Taking the 50EMA slope directions separately, this is bullish for GBP in 7 out of 7 charts, bearish for CAD in 7 out of 7, so long GBP/CAD is of interest by this measure of strength/weakness.
Switching to weekly HL bars, only AUD/NZD has an impressive sequence of recent bars unbroken by the 50EMA (daily), with an 8-week run so far. 23 of the 28 major pairs saw their prices paddling back and forth across their respective 50EMA’s this week.
Weekly bar overlaps are also at an unusually high level. Looking back over the last 3 months, 18 of the 28 major charts show last week’s bar overlapping with consecutive preceding bars for at least half that period. 7 charts have 13-week overlaps.
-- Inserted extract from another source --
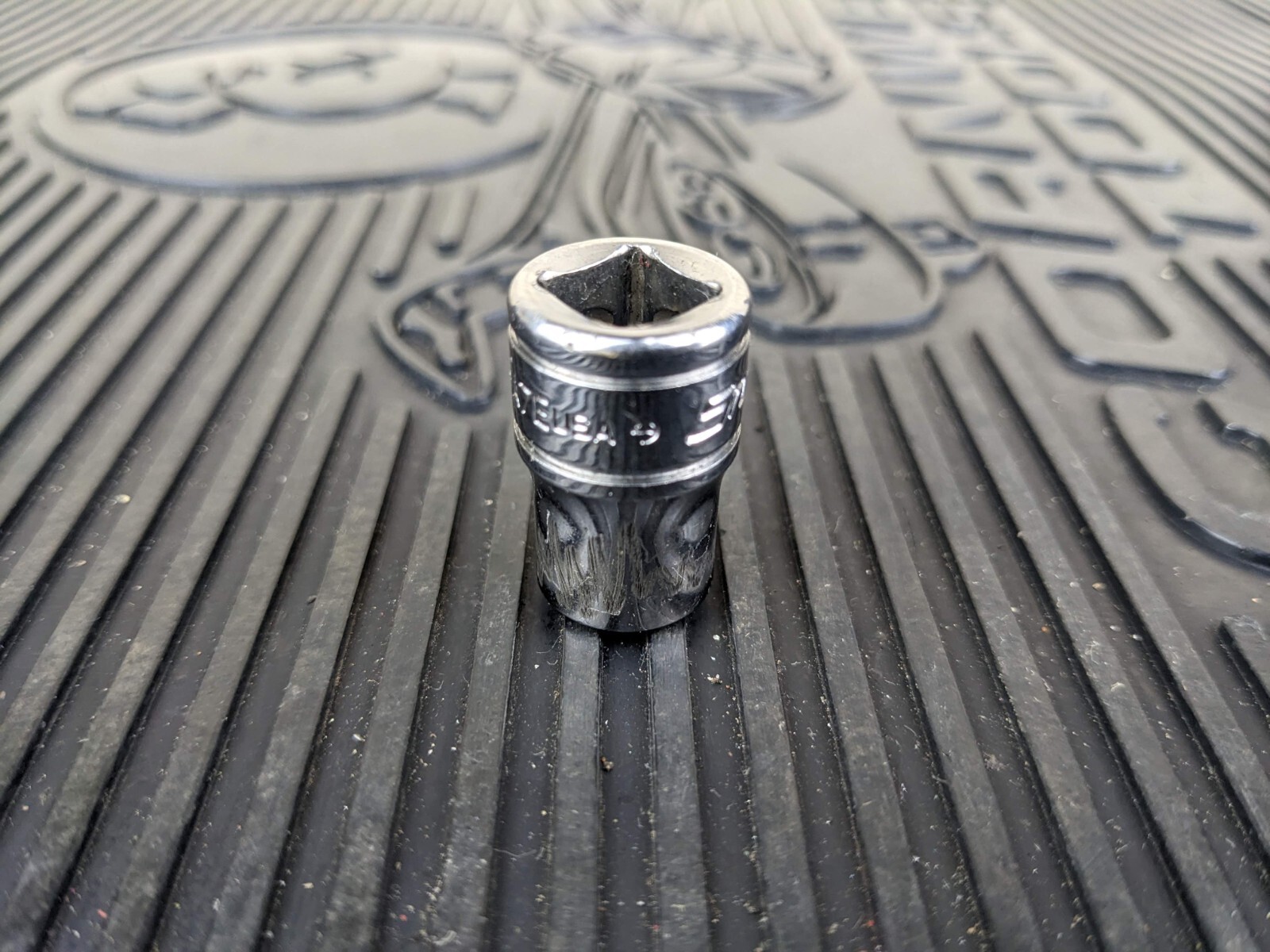 #bb426 Snap-on 3/8″ drive 7/32″ Allen Hex Socket Driver FA7E – NO BIT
Consecutive runs of weekly closes above/below the 50EMA shows a more mixed picture, but confirms the bullish performance of GBP and NZD, the bearish results for AUD.
Looking at the bullish or bearish “points” score for each pair from the above, there aren’t many high scorers. AUD/NZD gets full marks as a downtrender, GBP/CAD not far behind as a long. Just behind them are AUD/CHF, CAD/CHF, EUR/GBP and EUR/NZD shorts, and GBP/AUD and NZD/CAD as shorts. Excluding the minor currencies, the best trade indicated amongst the big 4 would be a EUR/GBP short.
But the lack of commitment across the board is a concern. Almost no sustained trends. Few sustained significant % moves. Large degree of ranging patterns. The Brexit deadlock effect might be responsible, as its hampering commitment to the 2nd and 4th most traded currencies globally, a combined total traded value at least twice that of the JPY, the 3rd most heavily traded currency. Brexit is not just a GBP issue.
The lack of commitment in the markets might be thought of as purely an issue for long-term traders. Not so. The impact of flat prices is being felt in short-term trades also like intra-day break-outs, ORBO’s etc… Thinking about it, why would the big players who move prices buy big when London opens? - prices aren’t going to rise far because big sellers will step in within about 5 minutes to hammer them down again, so why take the risk? If you normally trade intra-day with a very positive r:r, like 1:3 or more, maybe that won’t be attainable consistently for a little while.
Plus, political events between London and Brussels could (and will) change the picture within the next 5 minutes. At this stage, even the announcement of an unscheduled press conference at No.10 will bounce the GBP and EUR about like squash balls.
For both long- and short-term traders, this is a high risk period.